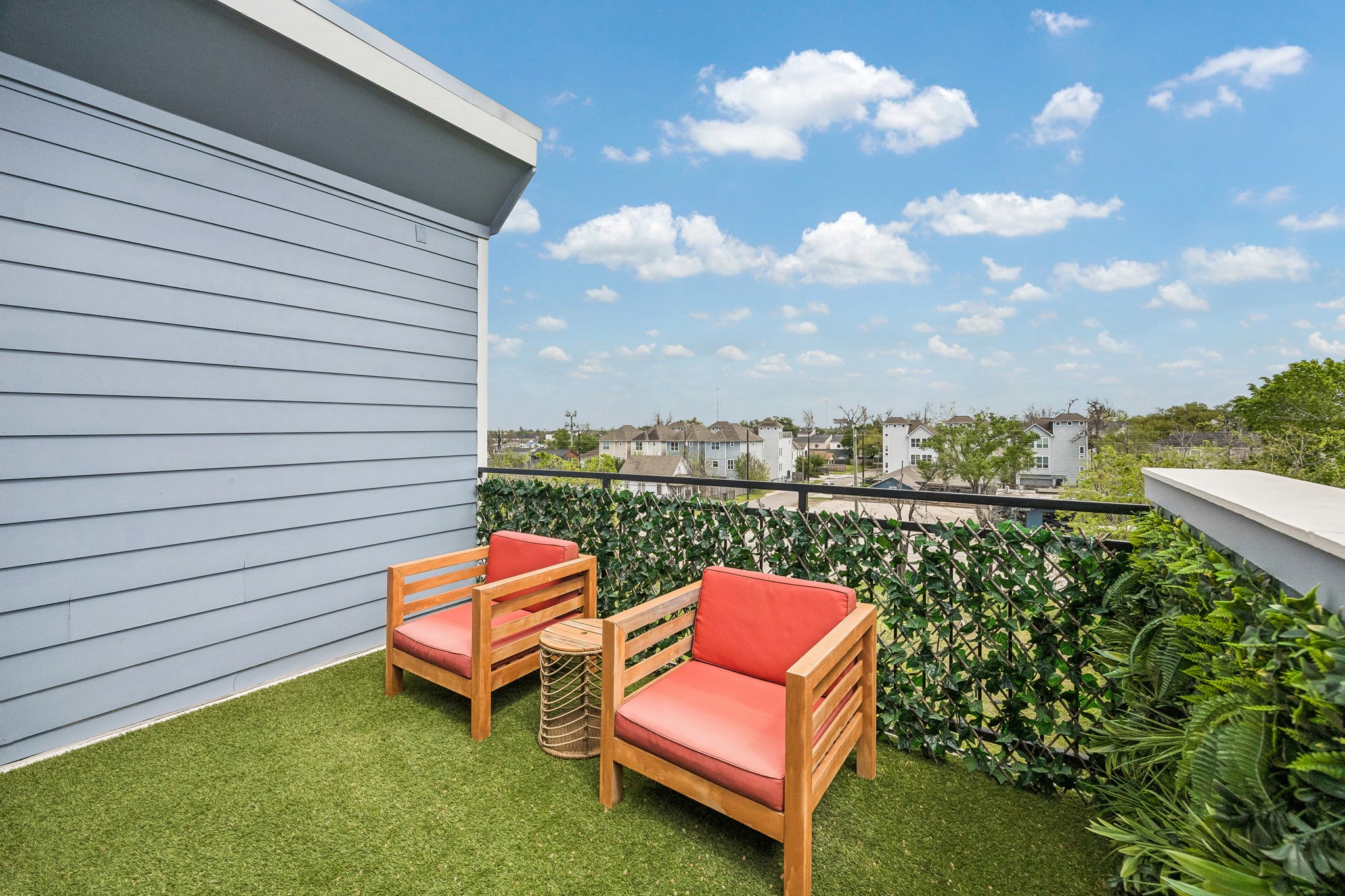624 East 28th Street Houston, TX 77008 - Photo 30 of 34 Another view of the rooftop terrace, offering an elevated outdoor space with turf and neighborhood views.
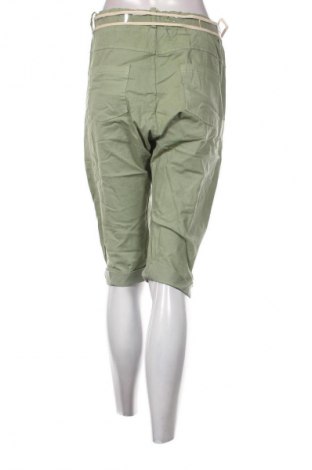 Damen Shorts Made In Italy, Größe L, Farbe Grün, Preis 21,99 €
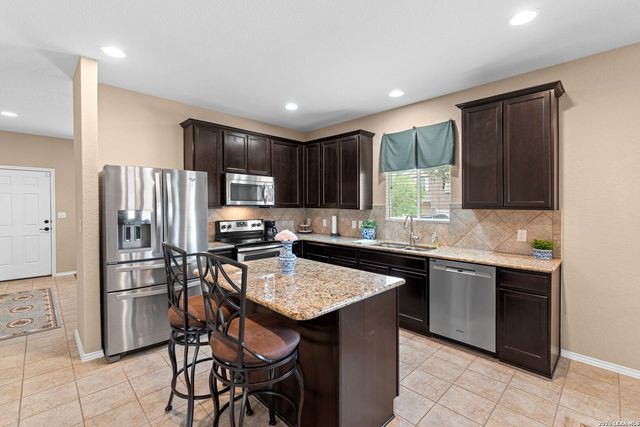 803 Cowhide Dr, San Antonio, TX 78260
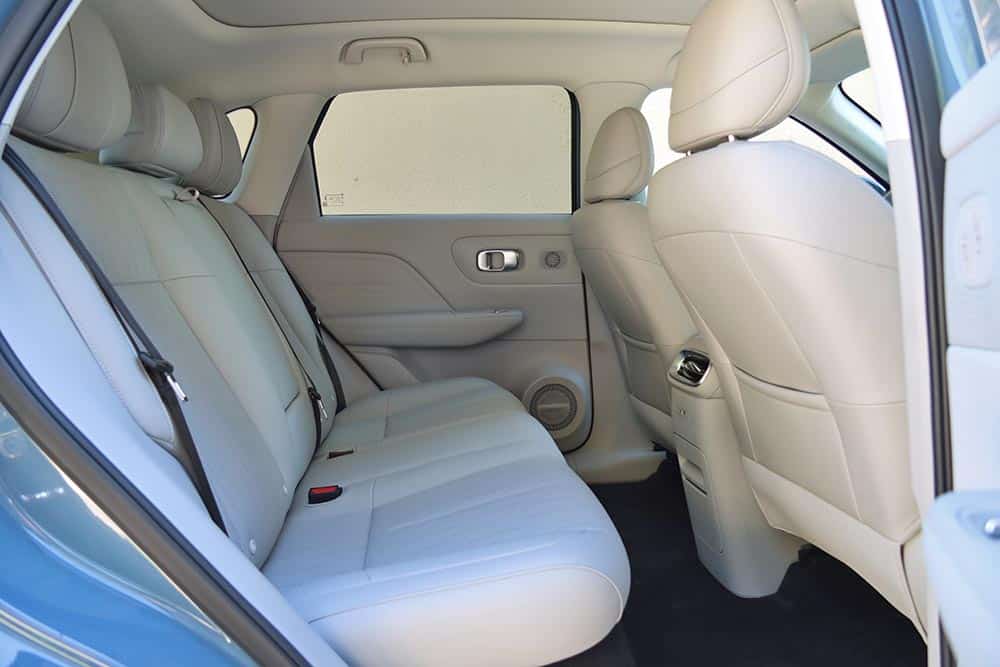 https://autogreeknews.gr/wp-content/uploads/2026/01/Leapmotor-B10-interior-19.jpg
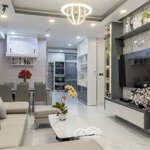 Bán ch 3 phòng ngủ 2 vệ sinh105m2 giá bán 5,3 tỷ sunrise city view - full nội thất - huyền trang 0935006110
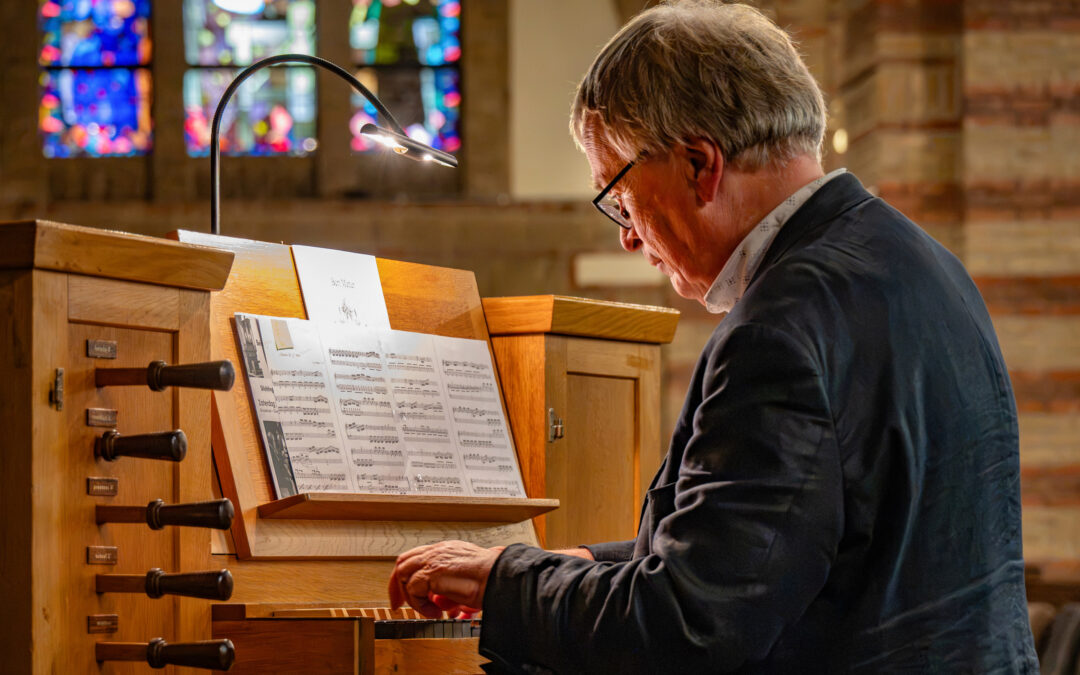 Geslaagde orgel- en beiaardwandeling in Rijssen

◆ ◆ ◆ ◆ ◆

_ACTIVITY_. Please transcribe every entry exactly as written, leaving the pictures out.

_YOUR RESPONSE_.
624 East 28th Street Houston, TX 77008 - Photo 30 of 34 Another view of the rooftop terrace, offering an elevated outdoor space with turf and neighborhood views.
 Damen Shorts Made In Italy, Größe L, Farbe Grün, Preis 21,99 €
 803 Cowhide Dr, San Antonio, TX 78260
 https://autogreeknews.gr/wp-content/uploads/2026/01/Leapmotor-B10-interior-19.jpg
 Bán ch 3 phòng ngủ 2 vệ sinh105m2 giá bán 5,3 tỷ sunrise city view - full nội thất - huyền trang 0935006110
 Geslaagde orgel- en beiaardwandeling in Rijssen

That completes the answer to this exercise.